St Lawrence State School is a government primary (Prep-6) school for boys and girls at 6 Macartney Street. In 2015, it had an enrolment of 10 students with 2 teachers (1 equivalent full-time). In 2018, the school had an enrolment of 9 students with 2 teachers (1 full-time equivalent) and 6 non-teaching staff (2 full-time equivalent).
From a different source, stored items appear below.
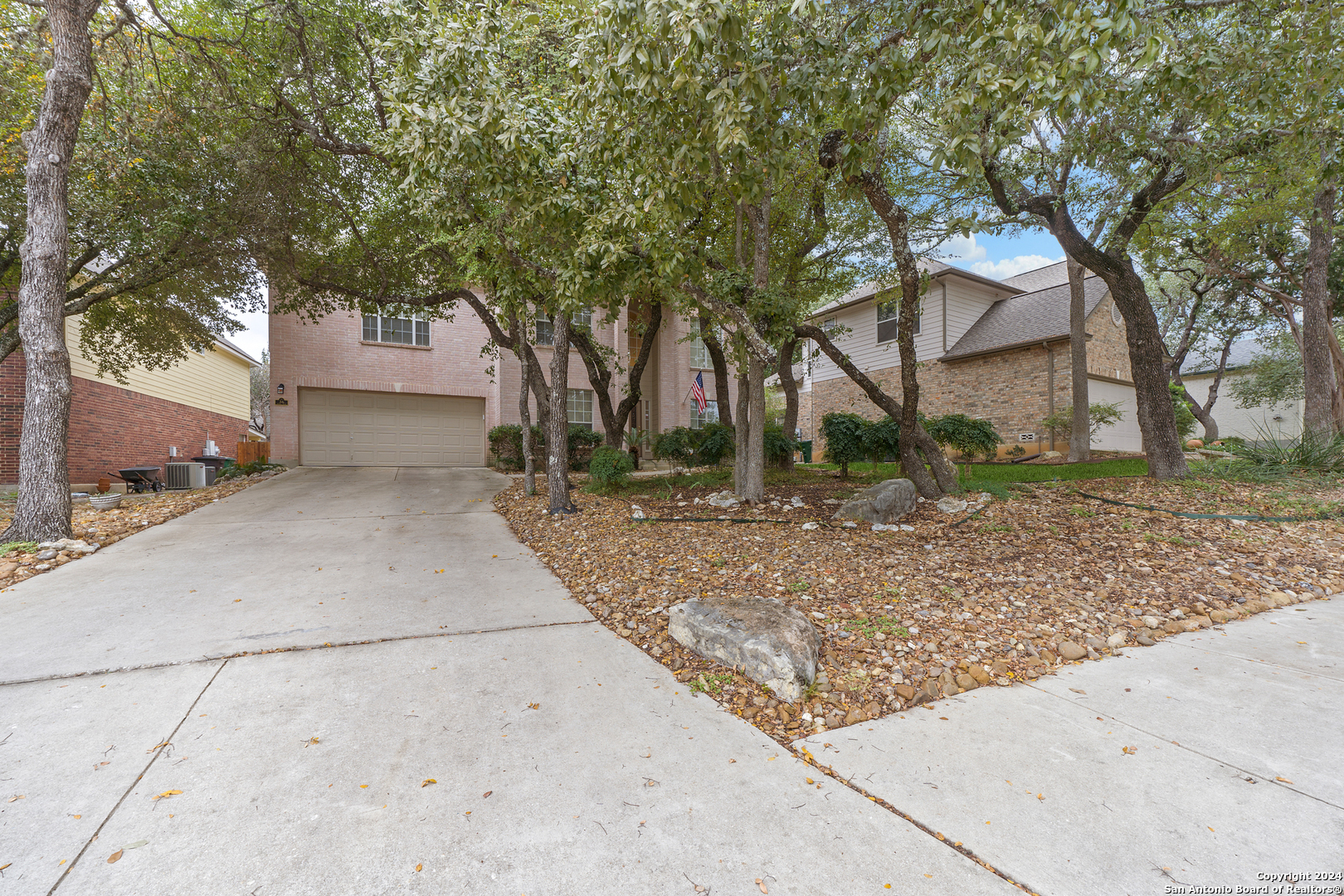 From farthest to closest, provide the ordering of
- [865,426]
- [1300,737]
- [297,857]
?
[865,426] → [1300,737] → [297,857]

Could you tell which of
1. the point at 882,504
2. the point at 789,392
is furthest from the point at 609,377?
the point at 882,504

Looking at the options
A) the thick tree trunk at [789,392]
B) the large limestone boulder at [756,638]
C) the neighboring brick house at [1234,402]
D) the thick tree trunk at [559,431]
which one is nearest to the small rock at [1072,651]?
the large limestone boulder at [756,638]

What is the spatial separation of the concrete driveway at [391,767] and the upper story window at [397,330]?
38.8ft

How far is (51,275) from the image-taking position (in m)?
5.89

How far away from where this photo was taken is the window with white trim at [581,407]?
1634 centimetres

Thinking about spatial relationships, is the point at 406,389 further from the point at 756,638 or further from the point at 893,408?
the point at 756,638

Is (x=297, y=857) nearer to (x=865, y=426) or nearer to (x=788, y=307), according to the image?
(x=788, y=307)

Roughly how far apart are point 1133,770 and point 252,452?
64.4ft

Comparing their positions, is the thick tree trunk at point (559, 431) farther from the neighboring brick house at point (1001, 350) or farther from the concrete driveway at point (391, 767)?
the neighboring brick house at point (1001, 350)

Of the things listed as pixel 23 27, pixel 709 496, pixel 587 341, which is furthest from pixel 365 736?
pixel 23 27

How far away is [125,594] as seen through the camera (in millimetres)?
4043

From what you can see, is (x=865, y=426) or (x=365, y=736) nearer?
(x=365, y=736)

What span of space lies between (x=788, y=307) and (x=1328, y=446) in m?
8.19

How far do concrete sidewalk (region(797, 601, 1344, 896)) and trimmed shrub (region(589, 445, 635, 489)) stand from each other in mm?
6329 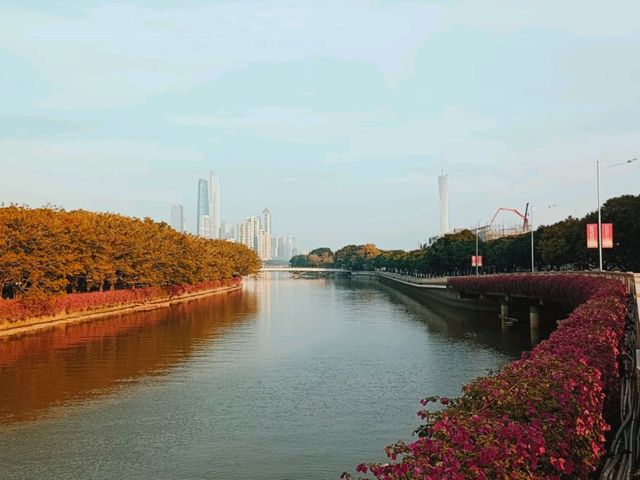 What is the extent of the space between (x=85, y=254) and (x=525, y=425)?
70583 millimetres

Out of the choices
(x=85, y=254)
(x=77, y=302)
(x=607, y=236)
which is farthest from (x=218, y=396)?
(x=77, y=302)

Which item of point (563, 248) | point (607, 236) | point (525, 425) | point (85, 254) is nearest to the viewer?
point (525, 425)

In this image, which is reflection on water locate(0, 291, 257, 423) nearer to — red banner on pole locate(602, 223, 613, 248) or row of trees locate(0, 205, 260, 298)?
row of trees locate(0, 205, 260, 298)

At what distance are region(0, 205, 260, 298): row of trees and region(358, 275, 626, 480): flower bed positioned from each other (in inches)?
2150

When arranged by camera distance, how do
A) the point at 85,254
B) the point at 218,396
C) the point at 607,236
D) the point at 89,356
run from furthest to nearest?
the point at 85,254
the point at 89,356
the point at 607,236
the point at 218,396

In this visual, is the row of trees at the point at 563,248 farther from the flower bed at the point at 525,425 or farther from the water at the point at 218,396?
the flower bed at the point at 525,425

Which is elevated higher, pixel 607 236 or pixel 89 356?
pixel 607 236

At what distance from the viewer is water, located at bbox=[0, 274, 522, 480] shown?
21875 mm

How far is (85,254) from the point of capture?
7319 centimetres

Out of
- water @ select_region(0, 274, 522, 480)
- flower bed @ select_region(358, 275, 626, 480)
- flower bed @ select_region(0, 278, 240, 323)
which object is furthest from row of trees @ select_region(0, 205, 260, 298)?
flower bed @ select_region(358, 275, 626, 480)

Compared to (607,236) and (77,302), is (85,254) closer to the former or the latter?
(77,302)

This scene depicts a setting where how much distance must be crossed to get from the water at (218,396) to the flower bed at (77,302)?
441 cm

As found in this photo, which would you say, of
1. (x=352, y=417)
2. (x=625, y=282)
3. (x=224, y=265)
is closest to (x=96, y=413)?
(x=352, y=417)

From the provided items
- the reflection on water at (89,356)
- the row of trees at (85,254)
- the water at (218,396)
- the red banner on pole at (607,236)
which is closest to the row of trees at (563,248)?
the water at (218,396) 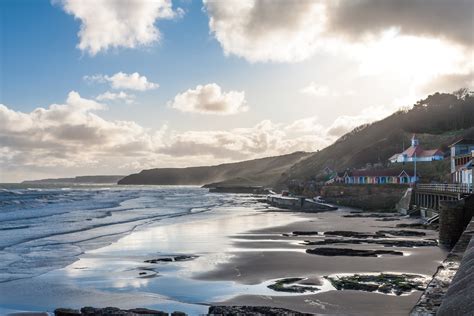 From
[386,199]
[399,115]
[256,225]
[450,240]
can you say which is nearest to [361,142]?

The school motto is 'Knowledge, Truth, Honesty'.

The original school was opened on 28 May 1871 but it was completely destroyed by a cyclone on 22 January 1874 and had to be rebuilt. A new school building was officially opened on 17 June 1938. The school was completely destroyed by fire on 30 October 2007. A mobile classroom was transported from Brisbane as the school's permanent replacement. A wishing well handcrafted by Jack Dempsey was installed at the site and dedicated in 2008 in remembrance of the previous school building.

St Lawrence State School celebrated its 150th anniversary in 2021.

There are no secondary schools in St Lawrence, nor nearby. Distance education and boarding school are the alernatives.

== Amenities ==
The Isaac Regional Council operates a public library at 22 Railway Parade.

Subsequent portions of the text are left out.